F_REVENUE now contains the following columns:
- Measures
- UNITS
- COST_FIXED
- COST_VARIABLE
- REVENUE
- DISCNT_VALUE
- Foreign Keys
- ORDER_KEY
- PROD_ITEM_KEY
- ADDR_KEY
- CUST_NUMBER
- TIME_BILL_DT
- TIME_PAID_DT
Table Aliases
It is best practice—and often necessary—to create aliases for all physical tables in your database. In some scenarios, as we will see, aliases are required.
Currently, we have six tables in our database: five dimension tables and one fact table. We will create an alias for each, as follows:
Right-click the desired table name in the Tables list. The table menu opens; select Create Physical Table Alias.
When the Create Physical Table Alias dialog opens, provide a name for the alias.
Repeat these steps for all tables except the dimension table D_TIME.
When finished, your Tables list should look like this:
Why treat D_TIME differently? In the fact table, there are two important DATETIME columns:
- TIME_BILL_DT: billing date
- TIME_PAID_DT: payment date
Both relate to the same dimension table, D_TIME. But if only one D_TIME table exists, which date should be joined? Since both are important, the solution is to create two alias tables:
- D_TIME_BILL_DT
- D_TIME_PAID_DT
You do not need separate database tables for each—one time dimension table in your database schema is sufficient. In Oracle Analytics, you resolve this by introducing as many alias tables as needed.
In summary, the following alias tables have been created:
- DIM_CUSTOMERS
- DIM_GEOGRAPHY
- DIM_PRODUCTS
- DIM_ORDERS
- DIM_TIME_BILL_DT
- DIM_TIME_PAID_DT
- FACT_REVENUE
Now we are ready to define Joins.
Joins
Joins are essential because they serve as explicit instructions for the BI Server on how to generate queries. Unless constraints have already been implemented in the database (which is rare in data warehouses), you must create joins manually.
There are two options:
- Use a dialog-driven approach to define and specify each relationship between two tables.
- Use the graphical interface to draw relationships between tables.
Let’s demonstrate the dialog-driven approach first.
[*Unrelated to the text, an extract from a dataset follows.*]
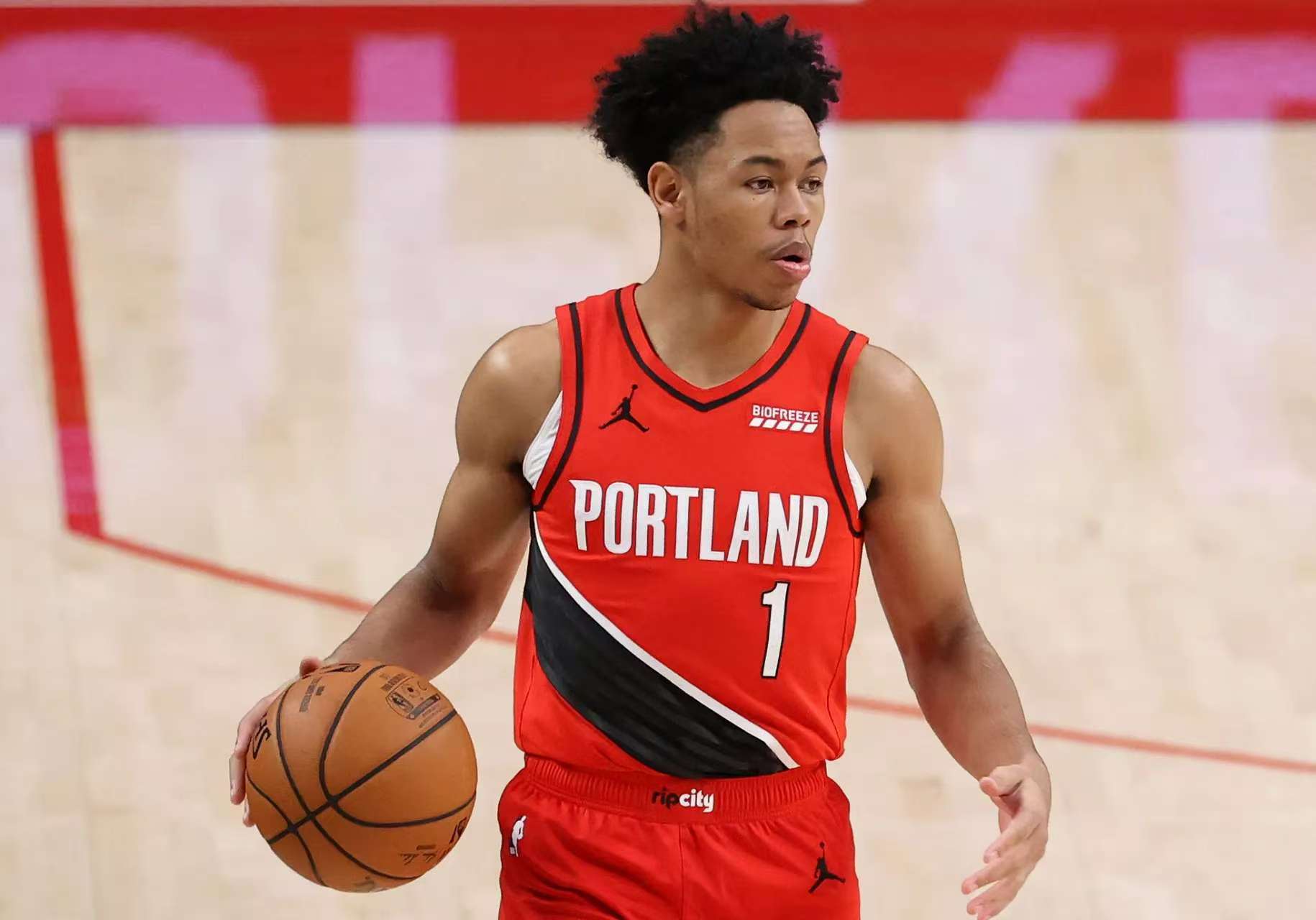 开拓者老将时隔多年再战全明星,球迷感动落泪的简单介绍 开拓者老将时隔多年再战全明星,球迷感动落泪的简单介绍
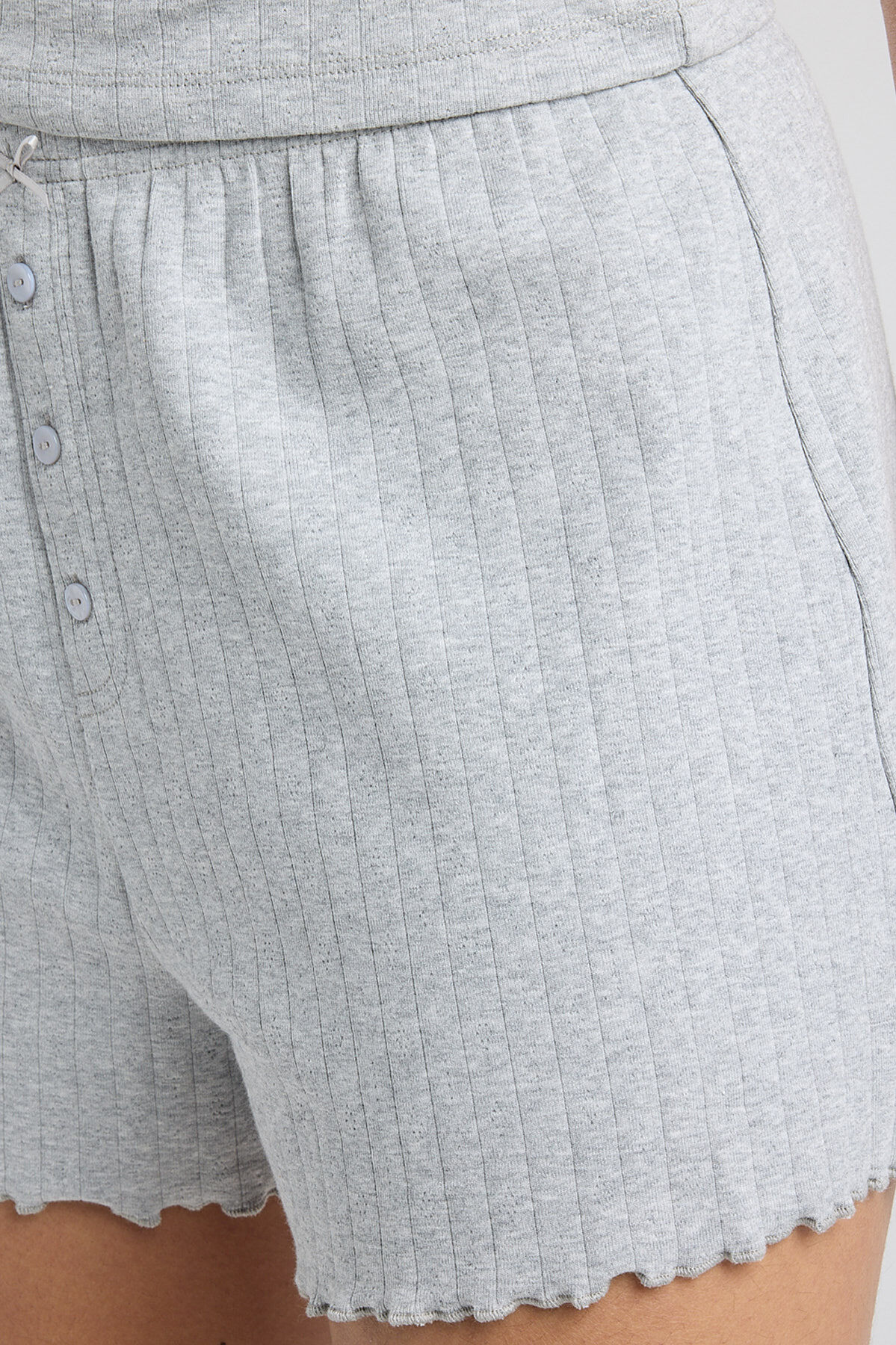 Short Loula image number 3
Under the Tables tab, there is a Joins section.
To add a new join, click the plus sign () next to Joins. The Add Physical Join dialog appears. Define a new join as needed:
Click Add to save and add the new join to the list.
You can continue defining joins one by one, or use the graphical approach.
Select all Dim_ and Fact_ tables from the list, right-click, and choose Show Physical Diagram → Selected Tables Only. Alternatively, you can add required tables one by one by dragging and dropping them into the diagram.
In the diagram above, you can see the join created in the previous step. Note the direction of the arrow: it points from the fact table to the dimension table, indicating a Many-to-One relationship (from the fact table’s perspective).
Now, add all other joins. Be mindful of direction—drag from the fact table outward.
When finished, simply close the Physical Diagram 1 tab.
The final joins list should contain the following joins:
Conclusion
In this session, we have built out the Physical Layer: establishing connections, importing tables and views, creating aliases, cleaning up the fact table, and defining joins. This critical groundwork ensures that the raw data is ready for logical modeling and business transformation. With a well-prepared Physical Layer, you are now ready to move on to the next phase: designing the Logical Layer (also known as the Business Layer), where business meaning and usability come to the forefront.